Por muitas faltas em que incorra, a ópera Prima Donna acabou por ser um possível momento de viragem na carreira de Rufus Wainwright (e digo “possível” porque só a passagem do tempo o poderá confirmar). Rufus tinha já trabalhado com suportes orquestrais, quer no imponente díptico Want ou na visão que levou a palco uma noite célebre de Judy Garland no Carnegie Hall... Mas ao compor uma ópera aprofundou necessariamente um pensamento sobre a versatilidade cromática e tímbrica que a presença de uma orquestra implica, juntando ainda um primeiro ensaio no domínio do canto lírico (naturalmente na voz dos outros). Essas experiências, mesmo tendo ganho forma numa ópera que nasce demasiado assombrada sob o peso referencial da memória de Verdi e revela um caso mais próximo do pastiche do que de uma visão da linguagem do teatro musical do nosso tempo, ajudaram contudo a abordar este outro passo discográfico com conhecimento, segurança e... ousadia. E eis que, assim, em Take all My Lovers: 9 Shakespeare Sonets, encontramos o melhor disco de Rufus Wainwright desde que, em 2004, nos deu a ouvir as canções de Want Two.
Convém dizer desde já que esta não representa a primeira abordagem de Rufus Wainwright à obra de Shakespeare. Robert Wilson convidou-o, há uns anos, para criar música para uma produção teatral baseada nos sonetos de Shakespeare. Mais adiante, a San Francisco Symphony solicitou arranjos para cinco dos sonetos para os quais já havia composto a música. E, pelo caminho, três deles tinham já encontrado gravação na sua voz, com apenas o piano por perto, no álbum All Days Are Nights: Songs For Lulu. Com todo este corpo de experiências por base, Take all my Lovers nasceu como uma natural extensão de um trabalho continuado em volta de Shakesperare. E, com um elenco de cantores, atores, chamando novamente a cena Marius de Vries (o seu parceiro em Want), eis que nasce um disco que nem é pop nem clássica, nem álbum de canções, nem teatro musical... Mas que é tudo isso ao mesmo tempo. E nas medidas certas.

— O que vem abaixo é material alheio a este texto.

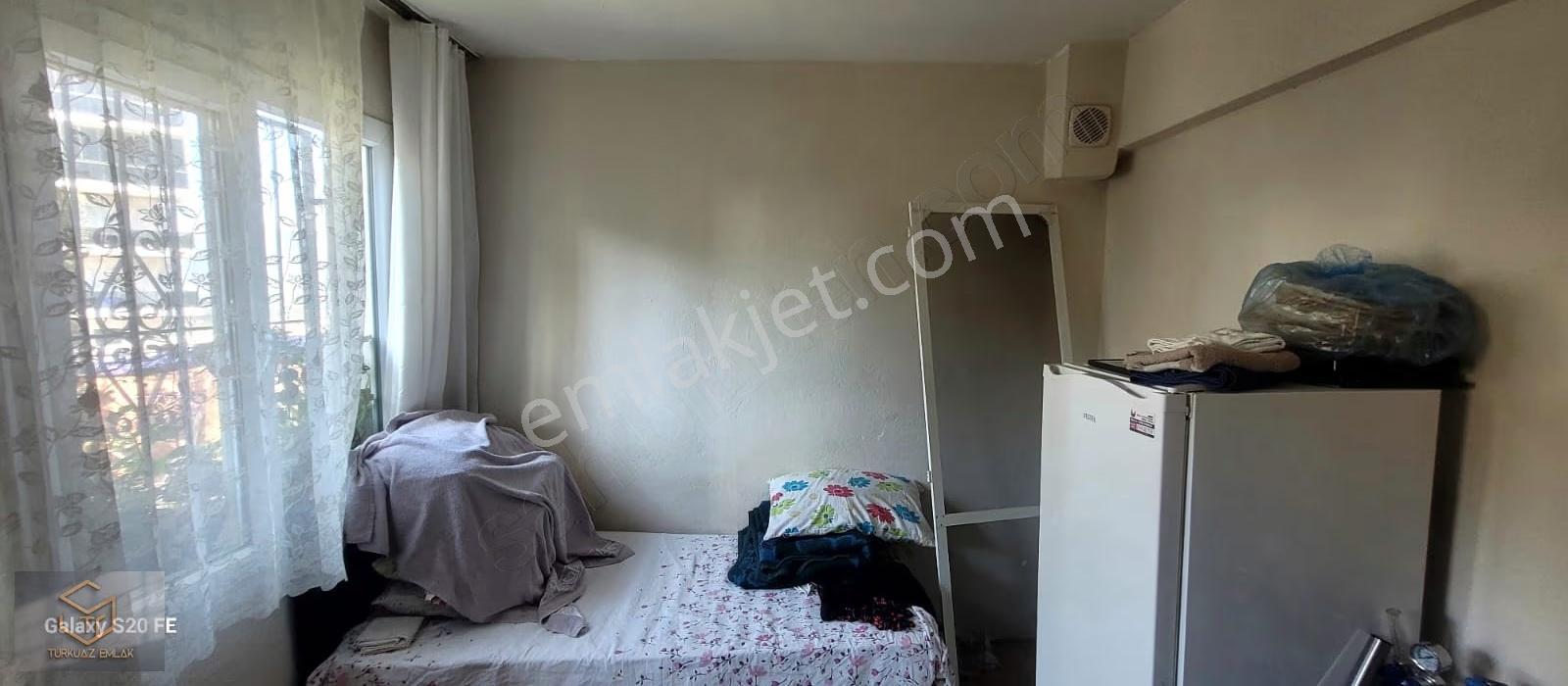 Menemen Hıdırtepe Atatürk Mah. Satılık 2+1 95 M² Daire - Görsel 12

A Rufus Wainwright cabe aqui a ideia, a composição e apenas algumas das interpretações, sendo que em Take all my Loves, o fulguroso Unperfect Actor (onde a intensidade das guitarras elétricas acolhe ainda a presença das vozes de Helena Bonham Carter, Martha Wainwright e Fiora Cutler), uma nova versão de A Woman’s Face (em cujas palavras habita um interessante discurso sobre identidade de género) ou em All Dessen Müd (o Soneto 66, lido e cantado em alemão, num momento de intensa dimensão dramática partilhado com Christopher Nell e Jürgen Holtz que evoca heranças de um Kurt Weill), encontramos as suas melhores canções dos últimos tempos. À sua voz juntam-se ainda, mas como protagonistas nas respetivas canções, as de Anna Prohaska (soprano e a mais presente das vozes no alinhamento) ou Florence Welsh, e ainda, recitando, as de atores como Sian Phillips, William Shatner, Carrie Fischer ou Peter Eyre.
Nos 400 anos da sua morte, Shakespeare tem aqui uma das mais interessantes abordagens pela música que a sua obra e memória conheceram nos últimos tempos. E com este disco Rufus Wainwright parece ter encontrado um novo caminho, no qual as suas duas facetas - a pop e a clássica (aqui juntando heranças do romantismo às vivências da música de teatro que fez escola na Broadway) - convivem e dialogam em sintonia. Agora sim, a sua presença na Deutsche Grammophon traz algo de novo à história da editora da cartela amarela.